• _TASK PROMPT_: Return the material below exactly, but only from the line with "They totally redesigned" through the line with "Zen 4 will be", and without its pictures.

• _INPUT DATA_:

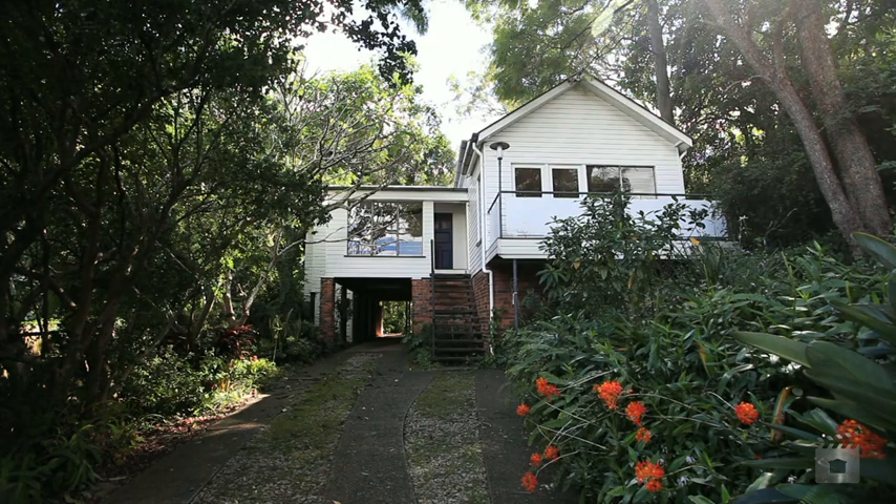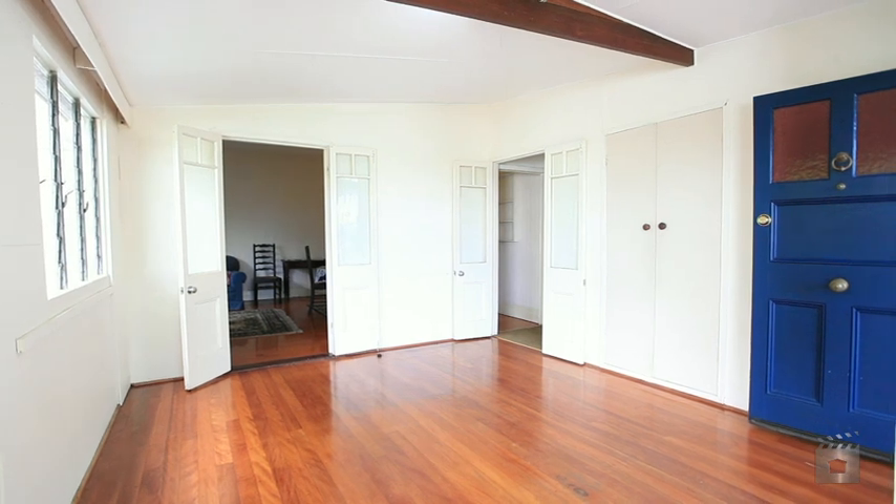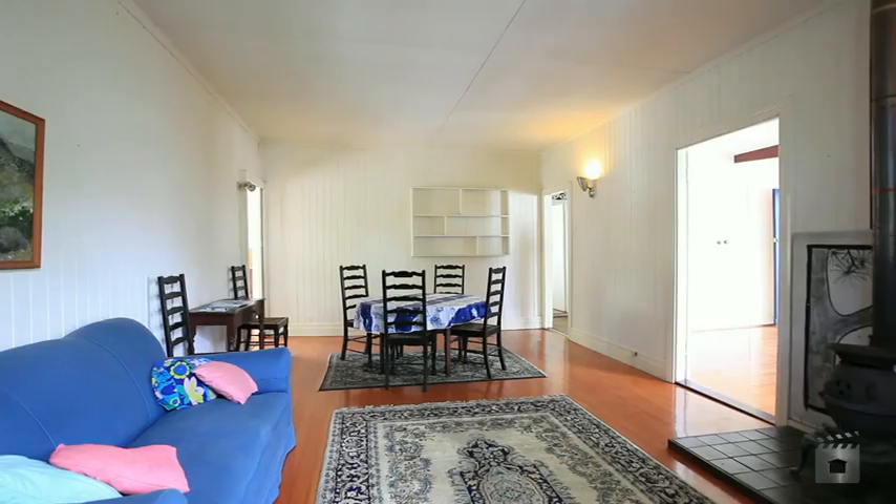Offered to the market for the first time in over 50 years, this classic Queenslander boasts position and potential — a rare gem in sought-after Paddington.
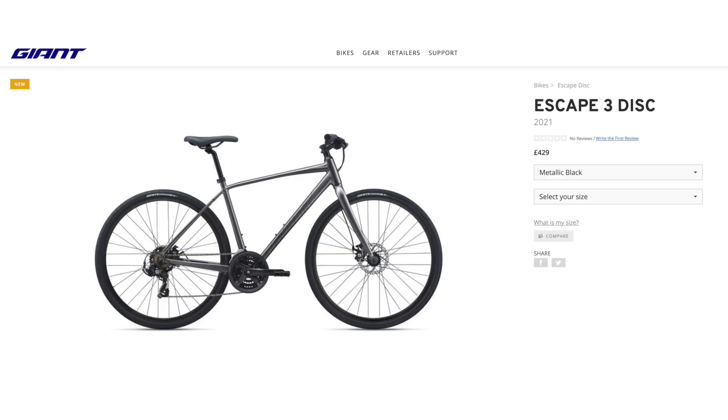Onto Giant and their Escape 3 Disc. Giant lives up to its name — one of the biggest bike brands in the world, renowned for excellent quality, design and value for money — and this bike for £425 looks like a really good option.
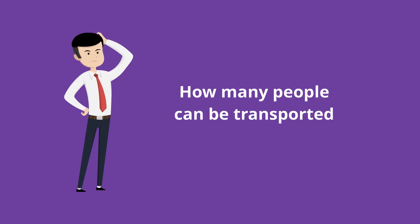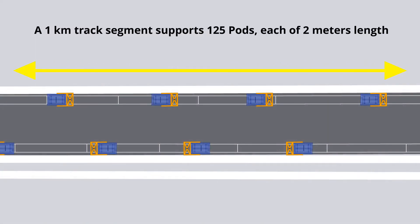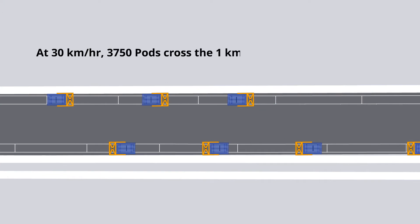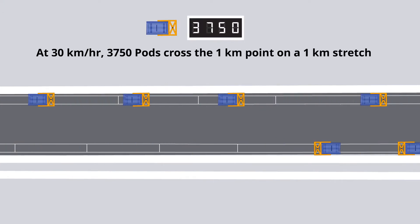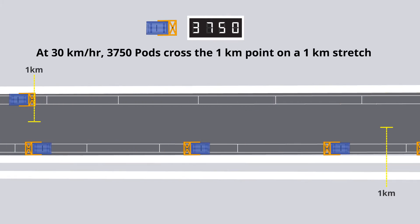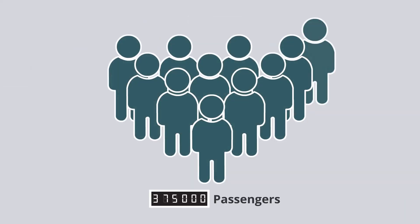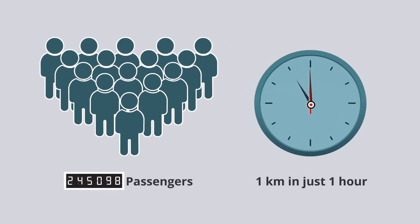And how many people can the system transport in an hour? A 1 km line supports 125 pods of 2 m length each, spaced 6 m apart. At 30 km per hour, 3,750 pods will cross a 1 km point on each 1 km stretch, even in peak traffic hours. If the network is a 100 km network, 375,000 people can be transported 1 km in just 1 hour.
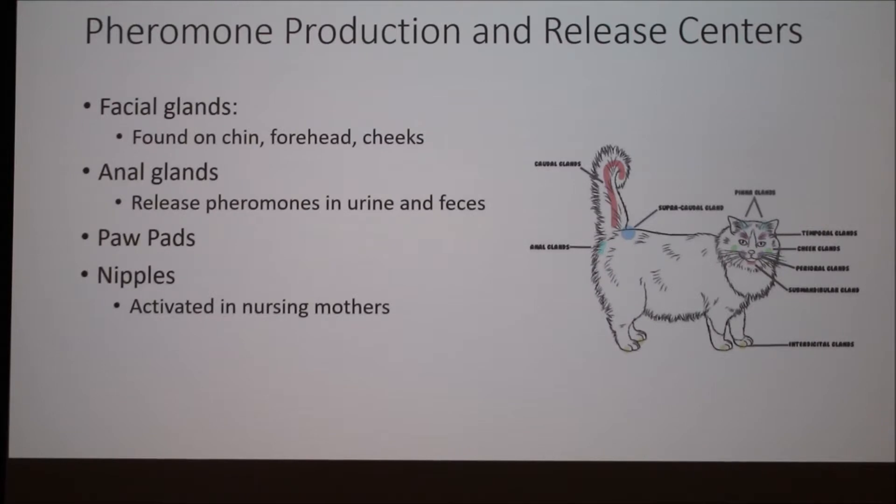We also see pheromone-releasing glands on the paw pads. So when your cat scratches on a scratching post or your couch, this is them releasing their pheromones onto that surface — another way of marking their territory. Additionally, nursing cats have pheromone-releasing centers activated in their nipples. When kittens are nursing, they can recognize their mothers if they get lost, and it also induces a calming response.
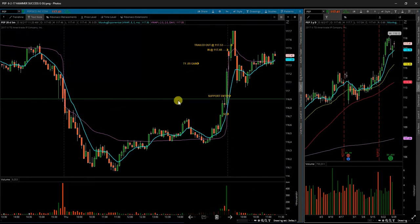Next up was PEP, Pepsi. This one ended up being a fairly decent trade as well. Gapped up, put in a red hammer candle on the open, and did go until it ultimately failed and came back right below. So I got out just before I got to break even and locked in some profit. Nothing really major there.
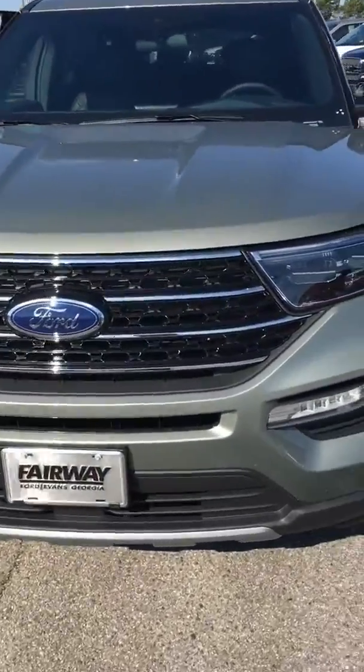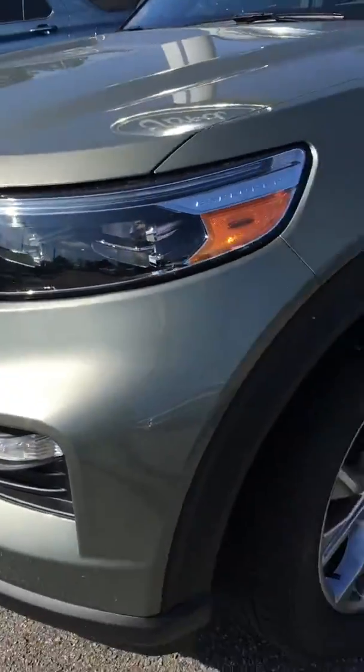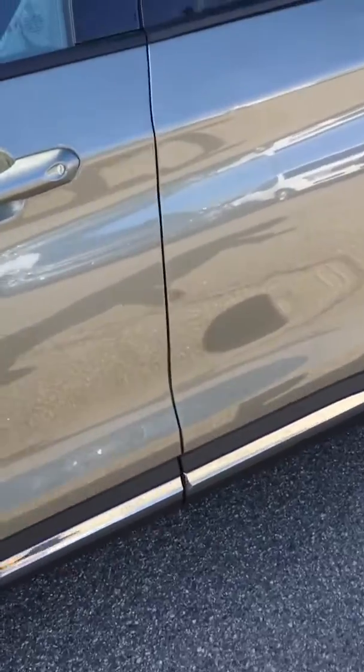They totally redesigned this vehicle for the 2020 model and it's totally different from the 2019. It'll be this way for probably the next 10 years.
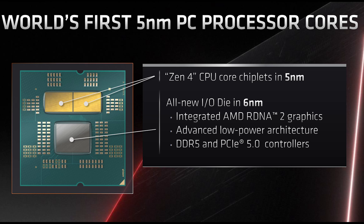Zen 4 will be built on 5 nm, referring to the core chiplets — two core chiplets, eight cores each as far as we know. The really interesting feature is a brand new architecture in the IO die, which is now 6 nm and will be much lower power than the IO die in previous Ryzen generations. The IO die was introduced with Ryzen 3000, and now we have a low-power 6 nm version.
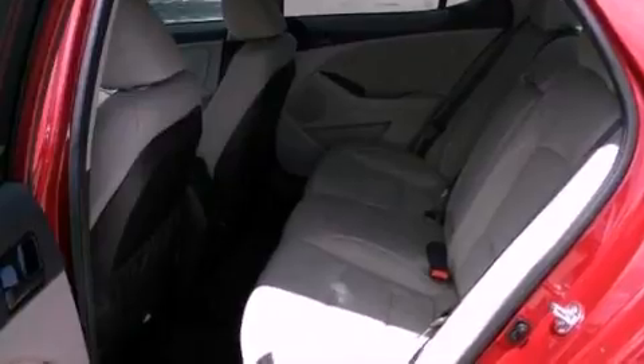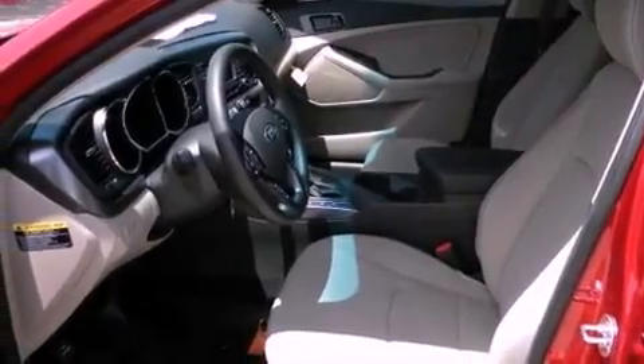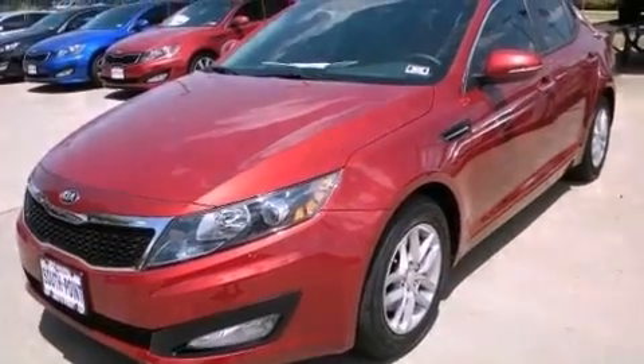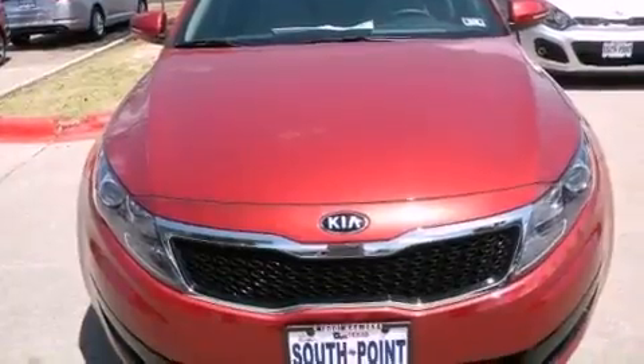The following features are also included: air conditioning, cruise control, stereo controls on the steering wheel, a chrome grille, rear impact crumple zones, an anti-lock braking system, front multi-stage airbags, latch-ready child seat anchors, full power accessories, and fog lamps.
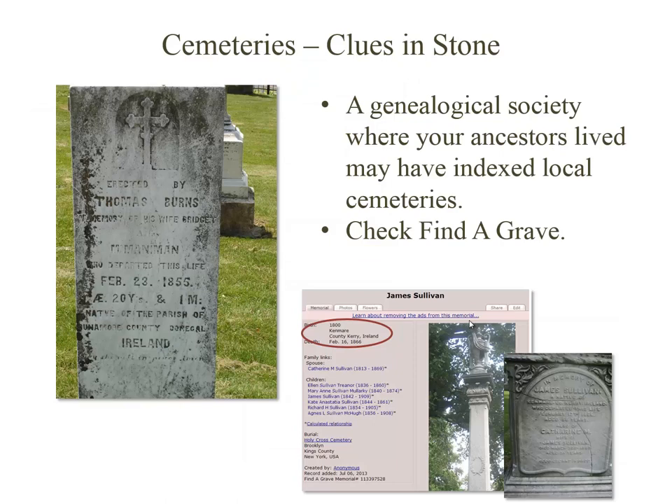You may find places of origin in cemeteries, on the tombstones, or maybe in the details kept in the cemetery offices or by an affiliated church. Don't overlook the possibility that your ancestor's grave may have been indexed by a genealogical society, or by a volunteer — one of those wonderful people who contributed information on Find a Grave.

• _TASK OUTPUT_:
They totally redesigned this vehicle for the 2020 model and it's totally different from the 2019. It'll be this way for probably the next 10 years.
Zen 4 will be built on 5 nm, referring to the core chiplets — two core chiplets, eight cores each as far as we know. The really interesting feature is a brand new architecture in the IO die, which is now 6 nm and will be much lower power than the IO die in previous Ryzen generations. The IO die was introduced with Ryzen 3000, and now we have a low-power 6 nm version.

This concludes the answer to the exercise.